Likewise, the thermodynamic entropy of the information in my Complete Works of Shakespeare is, if not zero, very low: there are a small number of configurations of text which correspond to a Complete Works of Shakespeare rather than a Lord of the Rings or a Ulysses or a Don Quixote made of the same material with equivalent mass. The information entropy ("Shakespeare's Complete Works fill a few megabytes") tells me the minimum thermodynamic entropy which had to be removed from the system in order to organize it into a Shakespeare's Complete Works, and an associated energy cost with transferring that entropy elsewhere; those costs are tiny compared to the total energy and entropy exchanges involved in printing a book.

As long as the temperature of my book stays substantially below 506 kelvin, the probability of any letter in the book spontaneously changing to look like another letter or like an illegible blob is zero, and changes in temperature are reversible.

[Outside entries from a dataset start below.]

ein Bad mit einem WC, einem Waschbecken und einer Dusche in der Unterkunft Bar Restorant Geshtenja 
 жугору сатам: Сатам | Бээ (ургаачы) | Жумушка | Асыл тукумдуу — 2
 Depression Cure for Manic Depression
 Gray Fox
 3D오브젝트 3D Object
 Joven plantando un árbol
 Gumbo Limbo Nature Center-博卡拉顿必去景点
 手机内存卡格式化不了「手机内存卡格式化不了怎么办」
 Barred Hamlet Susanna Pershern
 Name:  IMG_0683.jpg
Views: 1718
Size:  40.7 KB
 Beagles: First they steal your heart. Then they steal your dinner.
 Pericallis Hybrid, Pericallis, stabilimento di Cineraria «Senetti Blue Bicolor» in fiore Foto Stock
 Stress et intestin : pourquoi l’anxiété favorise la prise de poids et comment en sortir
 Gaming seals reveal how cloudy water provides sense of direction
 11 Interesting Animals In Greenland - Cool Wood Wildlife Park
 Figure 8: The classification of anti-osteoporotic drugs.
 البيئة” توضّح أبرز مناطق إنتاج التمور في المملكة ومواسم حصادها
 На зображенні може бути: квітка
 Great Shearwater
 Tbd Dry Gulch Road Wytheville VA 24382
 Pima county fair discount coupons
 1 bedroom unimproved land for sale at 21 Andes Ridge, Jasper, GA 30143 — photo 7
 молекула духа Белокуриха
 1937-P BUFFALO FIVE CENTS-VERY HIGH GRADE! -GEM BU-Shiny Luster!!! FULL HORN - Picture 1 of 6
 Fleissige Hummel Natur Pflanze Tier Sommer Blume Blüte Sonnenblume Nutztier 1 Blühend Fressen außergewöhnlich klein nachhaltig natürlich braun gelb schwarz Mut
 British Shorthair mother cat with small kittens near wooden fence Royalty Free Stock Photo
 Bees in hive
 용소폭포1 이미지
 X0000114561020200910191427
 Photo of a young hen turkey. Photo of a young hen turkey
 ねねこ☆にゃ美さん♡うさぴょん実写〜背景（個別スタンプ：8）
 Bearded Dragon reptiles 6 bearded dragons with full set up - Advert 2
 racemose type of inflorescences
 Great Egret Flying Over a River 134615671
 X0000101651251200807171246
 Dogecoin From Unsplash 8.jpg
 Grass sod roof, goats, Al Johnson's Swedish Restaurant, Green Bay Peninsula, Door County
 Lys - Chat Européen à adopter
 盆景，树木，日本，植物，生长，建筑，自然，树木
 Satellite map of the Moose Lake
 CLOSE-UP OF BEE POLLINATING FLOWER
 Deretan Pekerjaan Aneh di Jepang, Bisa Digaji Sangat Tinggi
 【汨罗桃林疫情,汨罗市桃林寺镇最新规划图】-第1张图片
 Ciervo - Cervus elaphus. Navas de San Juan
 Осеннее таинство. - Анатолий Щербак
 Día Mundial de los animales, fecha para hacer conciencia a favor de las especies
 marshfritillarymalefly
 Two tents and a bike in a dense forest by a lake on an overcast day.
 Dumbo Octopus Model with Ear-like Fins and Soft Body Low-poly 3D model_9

This argument suggests, by the way, that if you want to store information in a quantum-mechanical system you need to store it in the ground state, which the system will occupy at zero temperature; therefore you need to find a system which has multiple degenerate ground states. A ferromagnet has a degenerate ground state: the atoms in the magnet want to align with their neighbors, but the direction which they choose to align is unconstrained. Once a ferromagnet has "chosen" an orientation, perhaps with the help of an external aligning field, that direction is stable as long as the temperature is substantially below the Curie temperature --- that is, modest changes in temperature do not cause entropy-increasing fluctuations in the orientation of the magnet. You may be familiar with information-storage mechanisms operating on this principle.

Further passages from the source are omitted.